In operation, the voltage developed across resistor R3 is proportional to the cathode current. This voltage, for a stable transconductance, should be in a stable relationship with respect to input voltage at terminal 81, and R3 is selected empirically at a value, typically about 2K ohms, which generates a sample voltage nominally equal to the input voltage at terminal 81. When a deviation exists between the inputs to transistors 82 and 83, the output of the differential amplifier adjusts up or down to correct for the difference, thereby adjusting control of the drive to grid 1 and correcting for drifts in the kinescope transconductance.

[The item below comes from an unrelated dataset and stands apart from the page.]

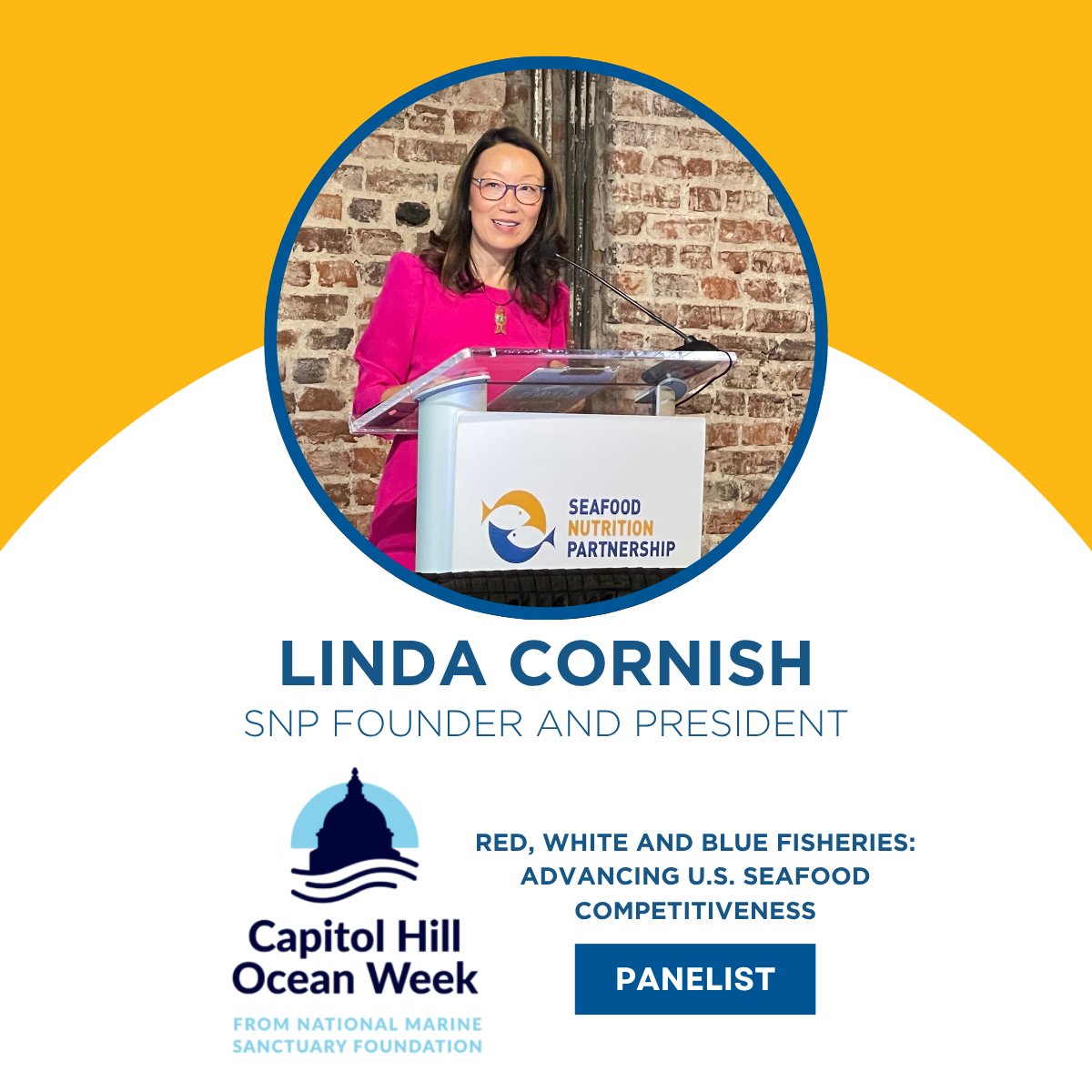 Seafood4Health's tweet image. SNP Founder and President Linda Cornish will participate in a panel discussion at Capitol Hill Ocean Week 2025 titled “Red, White, and Blue Fisheries: Advancing U.S. Seafood Competitiveness." Learn more: bit.ly/4kDC3Lt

A characteristic of the circuit of FIG. 4 is that it linearizes the electron gun transfer function which normally is non-linear, the non-linear function conventionally being known as the "gamma" of the kinescope. Television video signals are conventionally precorrected for the gamma of the kinescope. In a color kinescope the gamma may be different for each gun, making it difficult to match the effective light output attributable to each gun over the grey scale; a problem known as "tracking" in the prior art. The present invention allows use of an inverse gamma circuit (which eliminates the precorrection in the conventional television signal) and the linearized gun transfer functions reduce tracking problems.

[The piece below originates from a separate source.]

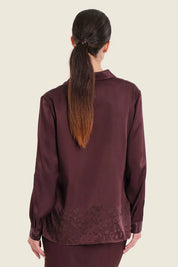 Bluse mit beflocktem Tiermuster, Pflaumenbraun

The invention has been described with referenec to particular embodiments, but it will be understood that variations within the spirit and scope of the invention will occur to those skilled in the art. For example, the circuits of the "constant current" generator FIG. 3 or the differential amplifier of FIG. 4 may be of other suitable forms. Also, in the embodiment of FIG. 2, sampling could be achieved during any suitable blanking or active period. The beam could be deflected off the tube face during sampling time to avoid displaying the trace during this time. Finally, stabilization of cathode temperatures could be achieved directly, such as by providing heater/thermistor stabilization circuits for each cathode. A suitable circuit is shown in FIG. 5 wherein a negative temperature coefficient thermistor 101 is attached to the cathode metal. V0 is a precision voltage source providing a voltage typically in the range 5-12 volts and R0 is selected as being substantially equal to the resistance of the thermistor at nominal cathode temperature. If the cathode becomes unduly hot, the resistance of thermistor 101 will decrease which, in turn, causes the voltage at terminal 103 to decrease. This results in a decreased output of operational amplifier 102, so that the cathode heater drive is reduced, as desired. Insufficient cathode temperature can be seen to cause the opposite effect.